Safety: Kick back can be seriously destructive. Oh yeah, and dangerous.

Don Baker

Member
Messages
17
Location
Flagstaff, AZ
Folks,

I have been using table saws for many years. I currently have a Delta Contractors saw that is about 25 years old. Until today I had never had a serious accident with it. I can't say that anymore. I was trying to slice a very thin shim off of a too small piece of birch and managed to fire it through my shop window and 18 feet into the back yard. Total distance of travel about 30 feet. It took out the window, the screen and one of the false muntins that is between the double glazing.:eek: As you can see from the last picture, the piece managed to get on top of the blade and achieve liftoff. There was birch completely filling the gullets of the saw blade in the area where blade caught the back of the board. Never saw that before and I hope never to see it again.

Lessons learned:

1. Don't forget to put the splitter back after using the dado blade. I am not sure it would have helped as the piece of wood was quite short and would barely have hit the splitter. A riving knife would have prevented this altogether, but, alas, no riving knives on Delta saws.

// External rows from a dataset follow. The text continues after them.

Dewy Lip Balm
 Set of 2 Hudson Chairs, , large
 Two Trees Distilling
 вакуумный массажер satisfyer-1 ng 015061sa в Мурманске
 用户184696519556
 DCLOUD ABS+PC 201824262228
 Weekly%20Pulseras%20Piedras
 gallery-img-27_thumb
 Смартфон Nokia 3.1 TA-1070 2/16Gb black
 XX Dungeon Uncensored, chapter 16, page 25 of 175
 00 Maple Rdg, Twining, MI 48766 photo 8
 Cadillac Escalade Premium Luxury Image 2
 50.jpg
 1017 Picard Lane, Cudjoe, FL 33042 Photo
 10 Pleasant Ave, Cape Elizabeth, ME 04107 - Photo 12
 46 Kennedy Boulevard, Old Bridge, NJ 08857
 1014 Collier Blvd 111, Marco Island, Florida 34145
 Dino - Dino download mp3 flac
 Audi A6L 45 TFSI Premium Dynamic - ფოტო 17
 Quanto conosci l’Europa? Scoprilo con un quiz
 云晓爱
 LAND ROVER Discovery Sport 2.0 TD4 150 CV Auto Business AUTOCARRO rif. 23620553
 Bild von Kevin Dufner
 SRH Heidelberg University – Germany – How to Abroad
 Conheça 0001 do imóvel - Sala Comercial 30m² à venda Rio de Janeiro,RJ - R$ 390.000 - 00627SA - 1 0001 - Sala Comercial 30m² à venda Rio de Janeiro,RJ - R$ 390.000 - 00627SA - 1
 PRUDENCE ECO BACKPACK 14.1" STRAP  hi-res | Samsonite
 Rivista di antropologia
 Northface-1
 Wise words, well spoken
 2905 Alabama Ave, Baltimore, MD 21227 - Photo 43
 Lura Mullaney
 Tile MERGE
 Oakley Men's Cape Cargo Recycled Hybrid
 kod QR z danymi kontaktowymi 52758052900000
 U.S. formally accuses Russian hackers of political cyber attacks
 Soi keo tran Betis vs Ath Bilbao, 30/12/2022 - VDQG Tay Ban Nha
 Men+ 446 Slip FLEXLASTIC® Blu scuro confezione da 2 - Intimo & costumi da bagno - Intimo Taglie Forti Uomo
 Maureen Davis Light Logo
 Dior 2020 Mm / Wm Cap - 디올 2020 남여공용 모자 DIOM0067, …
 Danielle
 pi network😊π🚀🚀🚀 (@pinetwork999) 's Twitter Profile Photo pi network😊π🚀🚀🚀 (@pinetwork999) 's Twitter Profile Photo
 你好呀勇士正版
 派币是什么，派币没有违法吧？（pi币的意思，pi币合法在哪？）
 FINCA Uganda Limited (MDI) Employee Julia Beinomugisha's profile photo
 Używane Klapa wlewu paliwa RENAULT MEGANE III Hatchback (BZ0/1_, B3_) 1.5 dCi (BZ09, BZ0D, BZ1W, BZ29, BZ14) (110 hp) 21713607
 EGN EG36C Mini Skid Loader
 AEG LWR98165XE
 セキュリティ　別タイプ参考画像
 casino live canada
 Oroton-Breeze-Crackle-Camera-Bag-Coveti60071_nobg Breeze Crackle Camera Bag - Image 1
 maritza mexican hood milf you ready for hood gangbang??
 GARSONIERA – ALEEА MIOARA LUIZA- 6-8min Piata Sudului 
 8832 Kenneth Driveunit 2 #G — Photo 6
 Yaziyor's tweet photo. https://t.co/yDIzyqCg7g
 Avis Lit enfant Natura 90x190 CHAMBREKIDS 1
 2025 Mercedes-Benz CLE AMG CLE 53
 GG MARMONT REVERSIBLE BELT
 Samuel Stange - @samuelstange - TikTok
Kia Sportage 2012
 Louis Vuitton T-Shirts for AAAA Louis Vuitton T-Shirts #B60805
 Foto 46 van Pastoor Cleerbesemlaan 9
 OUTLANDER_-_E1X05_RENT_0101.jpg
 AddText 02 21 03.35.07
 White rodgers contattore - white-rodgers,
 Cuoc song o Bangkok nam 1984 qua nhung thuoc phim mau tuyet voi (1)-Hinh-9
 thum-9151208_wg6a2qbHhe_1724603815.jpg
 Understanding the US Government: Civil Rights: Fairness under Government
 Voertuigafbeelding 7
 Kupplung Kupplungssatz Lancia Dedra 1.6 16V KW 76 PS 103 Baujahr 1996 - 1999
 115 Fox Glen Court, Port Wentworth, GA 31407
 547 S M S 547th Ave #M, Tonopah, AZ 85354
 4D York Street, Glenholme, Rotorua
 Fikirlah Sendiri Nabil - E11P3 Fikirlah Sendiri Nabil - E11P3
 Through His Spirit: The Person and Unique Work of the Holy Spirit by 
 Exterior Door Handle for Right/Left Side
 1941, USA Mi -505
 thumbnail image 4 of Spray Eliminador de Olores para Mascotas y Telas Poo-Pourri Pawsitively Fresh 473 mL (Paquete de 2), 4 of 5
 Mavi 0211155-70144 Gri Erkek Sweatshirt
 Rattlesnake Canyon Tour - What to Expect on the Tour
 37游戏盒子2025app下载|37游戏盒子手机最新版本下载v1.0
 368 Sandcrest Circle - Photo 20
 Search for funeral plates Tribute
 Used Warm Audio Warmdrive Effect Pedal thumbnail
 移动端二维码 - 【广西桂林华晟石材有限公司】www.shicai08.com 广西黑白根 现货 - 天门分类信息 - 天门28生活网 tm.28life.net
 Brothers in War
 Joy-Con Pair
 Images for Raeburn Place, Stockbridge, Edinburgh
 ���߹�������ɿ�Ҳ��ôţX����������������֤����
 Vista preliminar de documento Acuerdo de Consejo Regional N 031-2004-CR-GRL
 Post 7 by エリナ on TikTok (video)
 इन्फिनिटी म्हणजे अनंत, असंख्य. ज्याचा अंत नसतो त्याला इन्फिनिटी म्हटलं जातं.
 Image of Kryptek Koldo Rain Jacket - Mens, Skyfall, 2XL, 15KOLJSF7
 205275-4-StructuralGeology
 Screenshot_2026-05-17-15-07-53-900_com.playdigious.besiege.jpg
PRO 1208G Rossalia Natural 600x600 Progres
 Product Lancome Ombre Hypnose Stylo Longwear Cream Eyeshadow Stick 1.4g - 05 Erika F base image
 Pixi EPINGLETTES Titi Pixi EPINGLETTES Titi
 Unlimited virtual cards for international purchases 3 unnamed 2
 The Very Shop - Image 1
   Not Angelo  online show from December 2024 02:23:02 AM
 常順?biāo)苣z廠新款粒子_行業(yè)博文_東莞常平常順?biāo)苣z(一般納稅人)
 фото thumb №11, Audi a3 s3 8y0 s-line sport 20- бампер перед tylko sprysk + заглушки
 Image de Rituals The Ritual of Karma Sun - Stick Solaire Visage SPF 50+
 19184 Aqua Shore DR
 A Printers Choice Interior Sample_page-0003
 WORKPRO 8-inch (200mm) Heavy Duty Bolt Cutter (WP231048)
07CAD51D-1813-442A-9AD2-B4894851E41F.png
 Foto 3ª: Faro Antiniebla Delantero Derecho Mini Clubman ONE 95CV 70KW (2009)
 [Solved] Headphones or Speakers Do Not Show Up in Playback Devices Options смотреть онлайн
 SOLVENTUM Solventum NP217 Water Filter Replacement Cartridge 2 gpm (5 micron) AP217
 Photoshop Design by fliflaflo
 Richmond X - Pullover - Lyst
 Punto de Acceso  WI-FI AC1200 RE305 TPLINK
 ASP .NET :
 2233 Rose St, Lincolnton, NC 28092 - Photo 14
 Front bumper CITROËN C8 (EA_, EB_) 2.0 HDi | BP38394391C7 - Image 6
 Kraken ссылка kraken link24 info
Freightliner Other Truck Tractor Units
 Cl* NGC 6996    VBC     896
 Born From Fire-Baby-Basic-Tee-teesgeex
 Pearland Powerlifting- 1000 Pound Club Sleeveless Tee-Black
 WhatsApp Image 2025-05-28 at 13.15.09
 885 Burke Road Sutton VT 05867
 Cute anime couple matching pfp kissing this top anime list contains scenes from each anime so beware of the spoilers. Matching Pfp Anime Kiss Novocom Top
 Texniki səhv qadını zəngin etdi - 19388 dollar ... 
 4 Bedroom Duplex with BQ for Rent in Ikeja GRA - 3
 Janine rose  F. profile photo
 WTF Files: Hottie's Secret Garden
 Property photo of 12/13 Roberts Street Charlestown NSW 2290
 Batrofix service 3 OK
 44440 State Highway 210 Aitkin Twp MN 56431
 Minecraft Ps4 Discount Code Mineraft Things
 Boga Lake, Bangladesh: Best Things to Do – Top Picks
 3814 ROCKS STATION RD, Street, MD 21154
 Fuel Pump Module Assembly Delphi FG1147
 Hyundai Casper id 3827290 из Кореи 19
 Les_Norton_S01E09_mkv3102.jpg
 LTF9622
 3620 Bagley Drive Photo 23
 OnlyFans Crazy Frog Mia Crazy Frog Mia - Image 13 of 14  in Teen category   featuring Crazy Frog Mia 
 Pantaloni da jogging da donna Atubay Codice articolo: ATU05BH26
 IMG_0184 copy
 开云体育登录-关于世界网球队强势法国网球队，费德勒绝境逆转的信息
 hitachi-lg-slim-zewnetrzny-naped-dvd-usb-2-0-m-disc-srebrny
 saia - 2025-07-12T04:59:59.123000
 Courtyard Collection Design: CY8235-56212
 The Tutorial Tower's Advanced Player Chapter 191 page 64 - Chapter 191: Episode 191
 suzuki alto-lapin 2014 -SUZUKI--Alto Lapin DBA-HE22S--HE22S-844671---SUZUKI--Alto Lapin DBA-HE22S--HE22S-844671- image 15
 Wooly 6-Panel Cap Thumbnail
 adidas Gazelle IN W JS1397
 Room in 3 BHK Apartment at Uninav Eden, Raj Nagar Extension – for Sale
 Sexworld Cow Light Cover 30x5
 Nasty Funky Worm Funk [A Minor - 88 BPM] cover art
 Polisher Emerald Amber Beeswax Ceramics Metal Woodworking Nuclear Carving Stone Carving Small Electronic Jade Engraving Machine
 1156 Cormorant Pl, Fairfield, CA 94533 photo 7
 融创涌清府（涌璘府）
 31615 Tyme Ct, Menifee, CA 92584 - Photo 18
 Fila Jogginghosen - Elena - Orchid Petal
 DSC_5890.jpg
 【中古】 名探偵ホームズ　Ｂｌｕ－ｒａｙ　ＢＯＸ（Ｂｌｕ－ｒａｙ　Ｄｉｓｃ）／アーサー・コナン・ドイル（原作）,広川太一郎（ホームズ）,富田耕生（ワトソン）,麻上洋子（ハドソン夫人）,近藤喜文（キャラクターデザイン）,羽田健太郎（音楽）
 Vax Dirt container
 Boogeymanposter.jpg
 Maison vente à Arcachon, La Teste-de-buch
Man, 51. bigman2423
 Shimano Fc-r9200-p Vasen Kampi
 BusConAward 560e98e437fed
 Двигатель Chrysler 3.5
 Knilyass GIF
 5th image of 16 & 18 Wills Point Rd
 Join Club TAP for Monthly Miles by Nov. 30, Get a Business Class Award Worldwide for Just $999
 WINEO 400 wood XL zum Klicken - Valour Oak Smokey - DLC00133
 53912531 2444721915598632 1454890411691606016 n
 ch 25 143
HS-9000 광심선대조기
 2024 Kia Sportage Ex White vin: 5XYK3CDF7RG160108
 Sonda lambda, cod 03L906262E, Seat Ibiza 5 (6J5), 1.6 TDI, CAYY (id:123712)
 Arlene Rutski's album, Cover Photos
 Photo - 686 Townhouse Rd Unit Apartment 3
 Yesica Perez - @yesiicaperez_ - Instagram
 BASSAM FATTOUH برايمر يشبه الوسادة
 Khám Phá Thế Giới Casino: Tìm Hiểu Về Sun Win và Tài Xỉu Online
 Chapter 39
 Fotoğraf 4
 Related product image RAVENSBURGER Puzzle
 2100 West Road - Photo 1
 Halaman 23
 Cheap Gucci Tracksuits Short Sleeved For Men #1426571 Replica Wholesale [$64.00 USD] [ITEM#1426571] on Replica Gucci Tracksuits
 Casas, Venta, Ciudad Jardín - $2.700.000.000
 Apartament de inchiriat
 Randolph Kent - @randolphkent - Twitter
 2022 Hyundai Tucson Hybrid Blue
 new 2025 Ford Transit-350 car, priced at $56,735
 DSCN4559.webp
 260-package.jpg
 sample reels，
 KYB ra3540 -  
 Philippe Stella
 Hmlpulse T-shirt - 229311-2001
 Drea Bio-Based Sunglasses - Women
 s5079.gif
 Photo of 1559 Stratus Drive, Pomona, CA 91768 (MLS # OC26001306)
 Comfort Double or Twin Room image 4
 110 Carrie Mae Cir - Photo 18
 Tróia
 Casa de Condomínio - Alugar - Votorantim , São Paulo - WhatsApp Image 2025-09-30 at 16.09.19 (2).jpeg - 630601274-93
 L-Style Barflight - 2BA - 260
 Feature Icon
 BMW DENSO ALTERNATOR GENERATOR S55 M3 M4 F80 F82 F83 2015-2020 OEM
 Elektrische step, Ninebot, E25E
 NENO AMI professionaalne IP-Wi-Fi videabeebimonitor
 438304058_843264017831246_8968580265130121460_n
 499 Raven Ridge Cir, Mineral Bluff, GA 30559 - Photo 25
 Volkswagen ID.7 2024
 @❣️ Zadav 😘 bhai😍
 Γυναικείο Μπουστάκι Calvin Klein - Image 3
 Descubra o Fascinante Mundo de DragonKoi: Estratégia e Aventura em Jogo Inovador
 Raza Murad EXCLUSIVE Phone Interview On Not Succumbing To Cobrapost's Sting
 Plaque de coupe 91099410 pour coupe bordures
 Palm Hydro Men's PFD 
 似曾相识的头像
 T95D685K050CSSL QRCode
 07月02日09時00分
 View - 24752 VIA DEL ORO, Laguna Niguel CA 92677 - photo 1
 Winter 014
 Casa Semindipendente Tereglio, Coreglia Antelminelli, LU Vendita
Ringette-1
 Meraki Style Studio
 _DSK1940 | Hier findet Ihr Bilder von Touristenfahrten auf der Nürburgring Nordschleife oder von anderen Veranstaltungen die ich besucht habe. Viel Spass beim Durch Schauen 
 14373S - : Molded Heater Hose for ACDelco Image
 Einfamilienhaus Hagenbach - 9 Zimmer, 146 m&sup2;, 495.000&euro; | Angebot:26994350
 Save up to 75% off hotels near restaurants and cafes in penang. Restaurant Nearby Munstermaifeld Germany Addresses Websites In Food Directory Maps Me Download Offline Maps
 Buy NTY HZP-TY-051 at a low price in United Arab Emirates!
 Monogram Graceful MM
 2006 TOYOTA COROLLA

2. When slicing short, thin pieces use the band saw. This was just going to be used to shim a drawer guide. The finish of the wood off the saw was not an issue.

3. Use a hold down and/or a featherboard. May have worked, but, again, this was a very short piece of wood which is always asking for trouble.

4. Always try to stay out of the firing line of the blade. That one I did right :thumb: or I would be recovering from broken ribs or badly scrambled innards.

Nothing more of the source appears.